■ What to produce: Everything from the line that contains "Hoofdafbeelding BMW X4" to the final line of the data, both ends included, must be set down exactly, apart from the pictures.

■ Raw data:
:::::

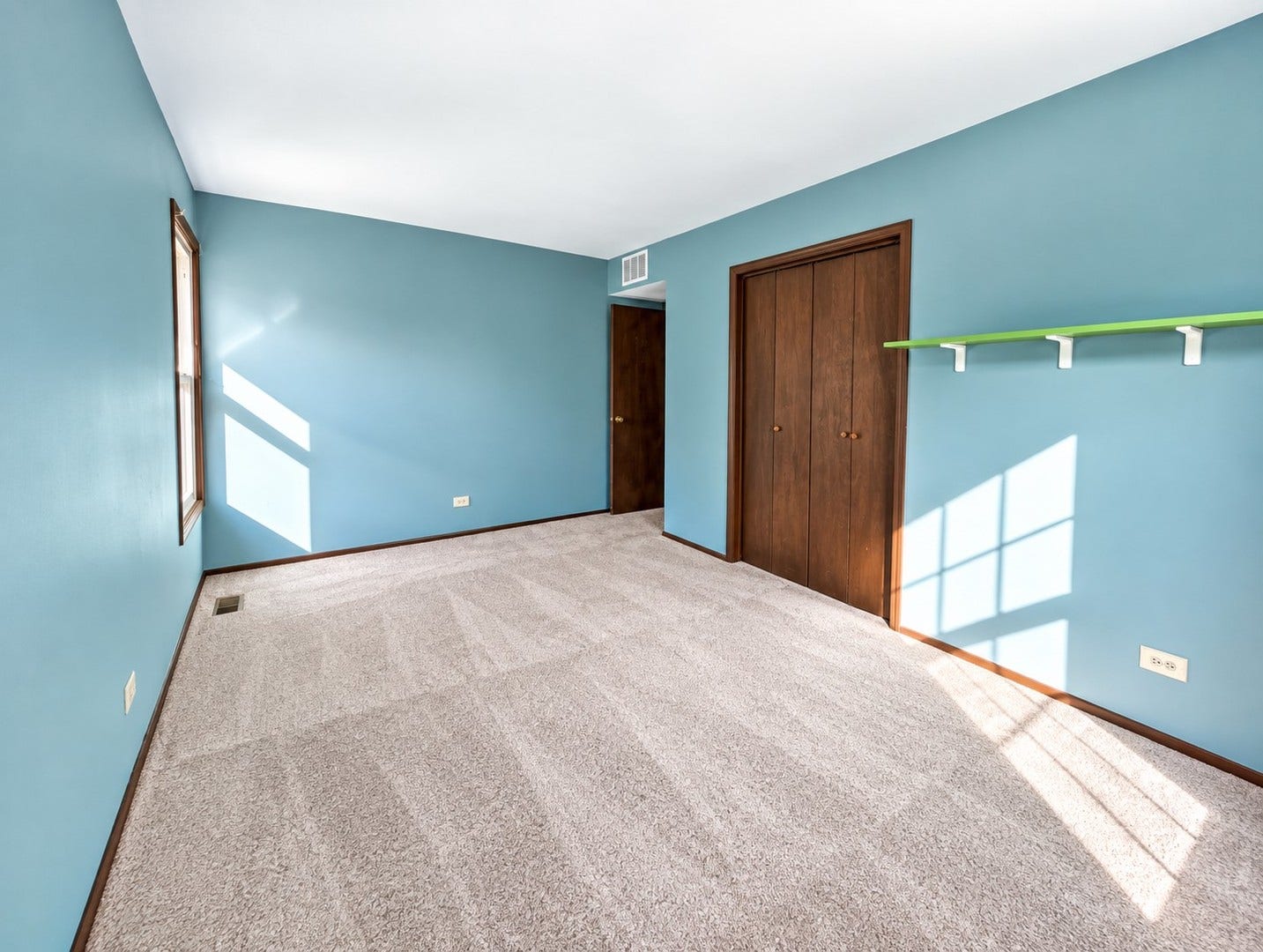 129 Newport Drive, Bolingbrook, IL 60440 129 Newport Drive, Bolingbrook, IL 60440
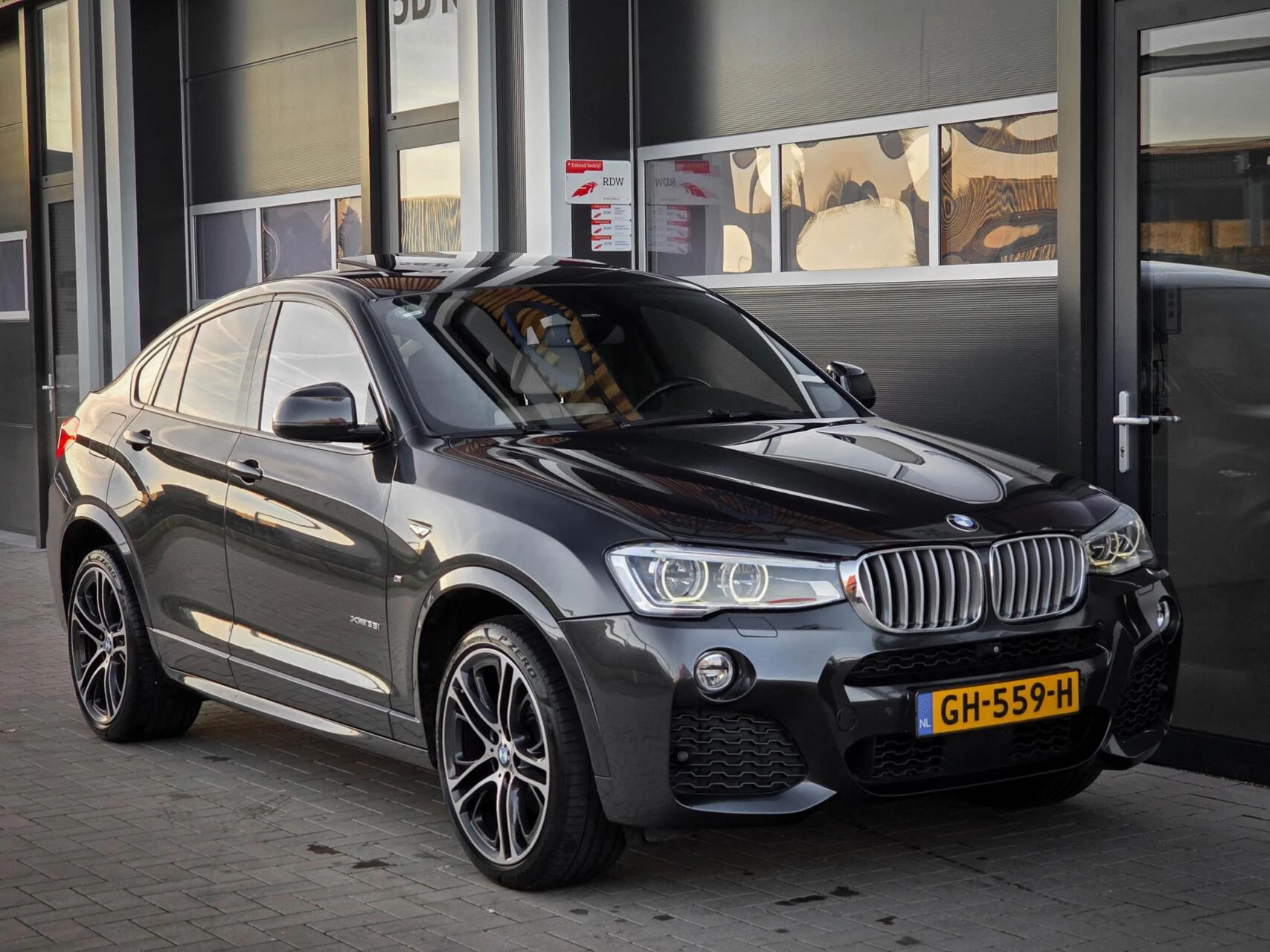 Hoofdafbeelding BMW X4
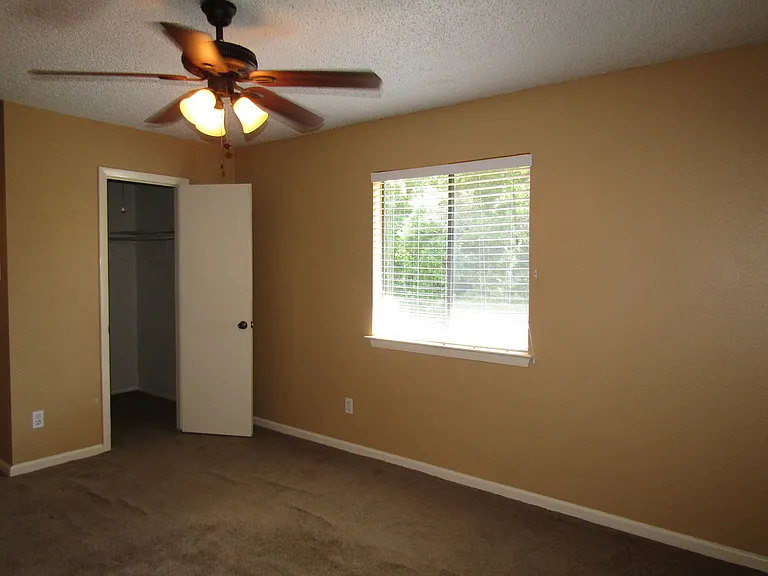 7001 Winedale Dr — Photo 23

:::::

■ Finished task:
 Hoofdafbeelding BMW X4
 7001 Winedale Dr — Photo 23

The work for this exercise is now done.